Exercise summary

This exercise is designed to get you working with data in R, and to increase your familiarity with some of the concepts from Day 1.
The focus will be on exploring some of the data structures in R and on implementing some of the data restructuring from the dplyr and the reshape2 packages.

Please submit this exercise by email prior to the deadline of Wednesday, Feb 25. I recommend that you use the Monday time that we would normally hold class for completing it. Because this is harder than it looks, I will not count this first exercise for a grade, but you must complete it if you are taking the course for credit. (However, if you are good with R and have used the packages in question, this will not take you very long to complete.)

  1. Working with data structures in R

    1. Execute and example the following object:

      obj1_1 <- read.table(text = "
                           a  b    c    d
                           1  2  4.3  Yes
                           3 4L  5.1   No
                           ")

      Was this what you were expecting? Why not?

    2. Modify the above command and rerun it with the header=TRUE argument, assigning the result to a new object obj2_1.

      Examine the object’s structure using str(obj2_1). Was this what you were expecting? Try correcting the input by specifying a stringsAsFactors argument to read.table.

    3. Modify the object so that:
      • b is integer
      • d is a factor

      For this you can use as.integer – but be careful that this results in the conversion that you were expecting – and factor.

    4. Did you have trouble getting b to coerce to an integer, try first removing the “L” using gsub() to replace the "L" with "". Get help on this using ?gsub.

    5. Finally, make this object into a data.frame, using data.frame. Print the output. Does it look correct?

  2. Working with the dplyr package

    For this part and the next, you should work with the file dail2002.dta from the article Kenneth Benoit and Michael Marsh. 2008. “The Campaign Value of Incumbency: A New Solution to the Puzzle of Less Effective Incumbent Spending.American Journal of Political Science 52(4, October): 874-890.

    1. Load the Stata dataset used in this paper, available here. To load this into R, you will need the read.dta command from the foreign package. (Note that you can load straight from the URL using this command.) Call this data object dail2002. What sort of object is this? How can you tell what sort of object it is?

    2. Filtering: Select only the Fianna Fail candidates using filter(), and assign the filtered data.frame to dail2002FF. Note that you might want to first find out what are the labels for party by using summary() on the party variable.

      How many FF were there in the 2002 election?

    3. Summarizing FF candidates per constituency. On the new data frame dail2002FF, summarize the median spending (spend_total) for FF candidates using the dplyr function summarise. Use “pipes” for extra credit!

      Sort and plot the 42 median spending values using an index plot.

      plot(sort(FFspend$medspend), ylab="Median constituency spending for FF")

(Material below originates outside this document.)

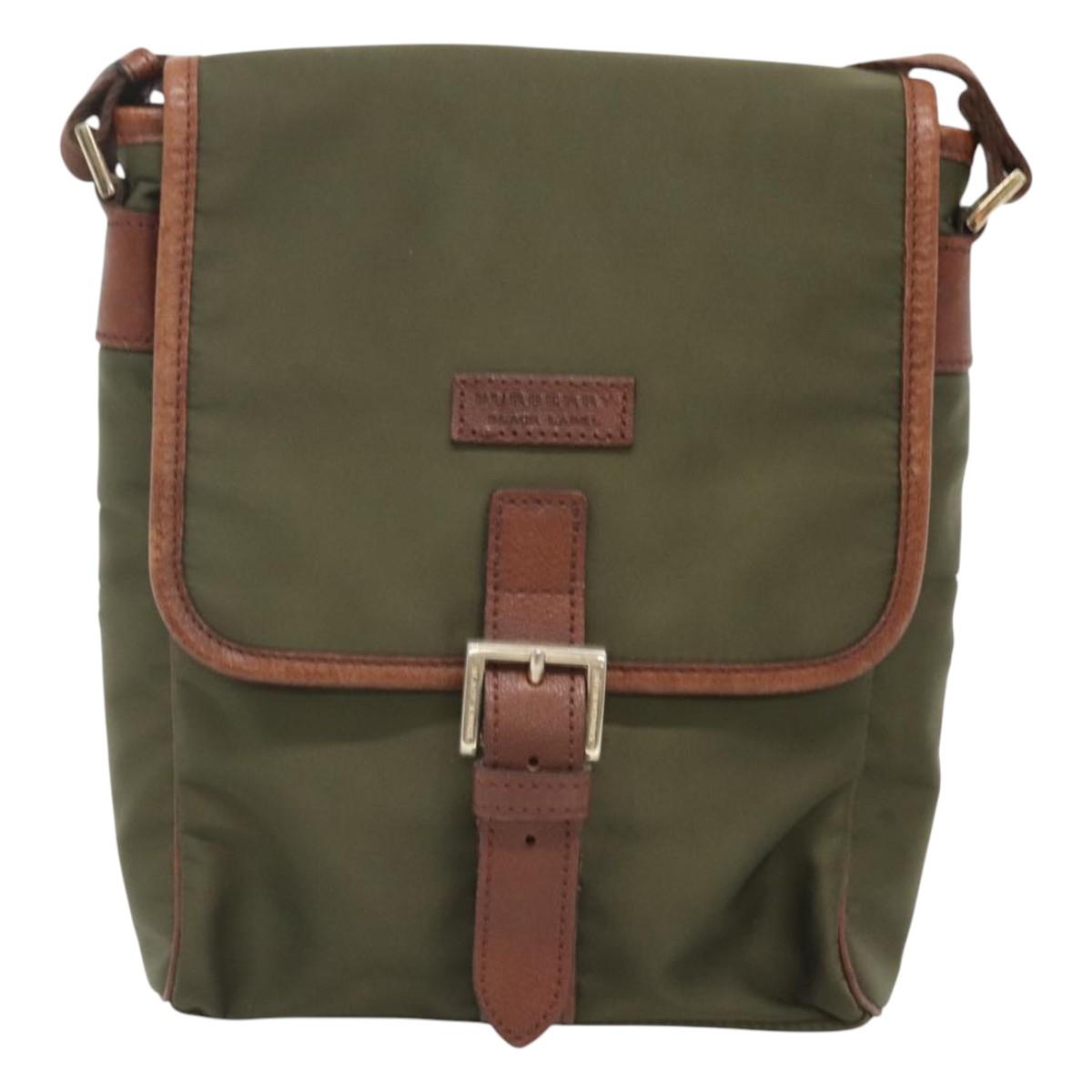 Burberry Label Nylon Shoulder Bag (Pre-Owned)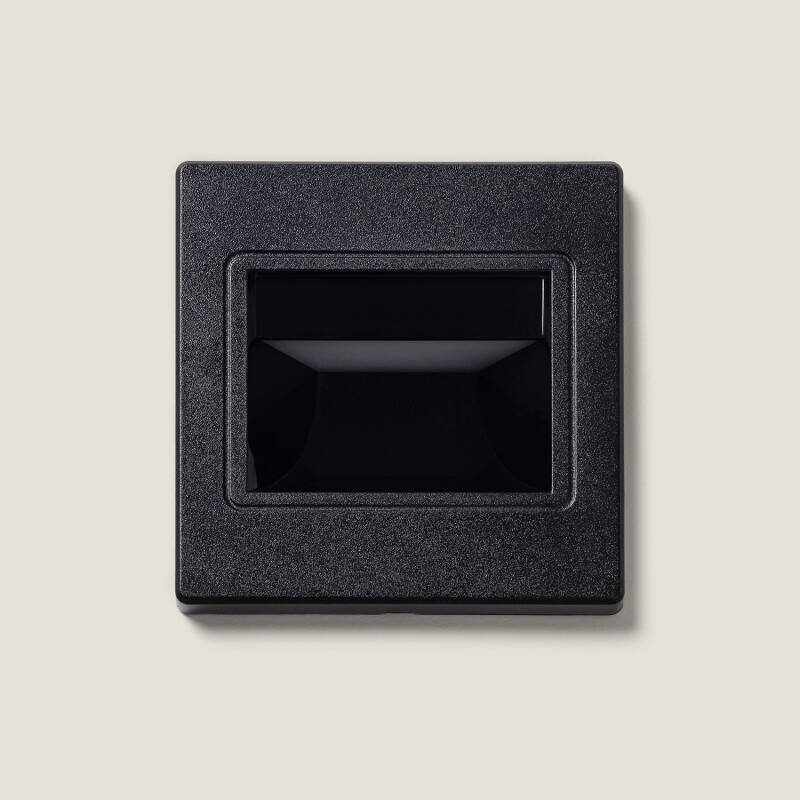 Baliza LED 1.5W Encastrável Parede Preto Randy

      Median constituency spending for FF

      For extra credit, do the same using aggregate instead of dplyr.

  3. Working with the reshape2 package

    The count2 - count16 variables are currently in “wide” format. Use melt to create a candidate-count unit dataset, and then produce a table of the 42 constituencies by their maximum count.

    Hint: First rename the votes1st variable to count1, so that it will be consistent with the others. Then melt the data using reshape2, creating a new variable called count for the new value. Then filter to remove any count variable that is zero. Then group_by constituency, and summarise a count using n().

    You will probably need to consult both the package vignettes and the help pages to accomplish this. It seems complicated but it’s well worth the effort to master these reshaping and summarizing skills – this sort of manipulation and summary of the data is a core part of the activities of data mining and data analysis.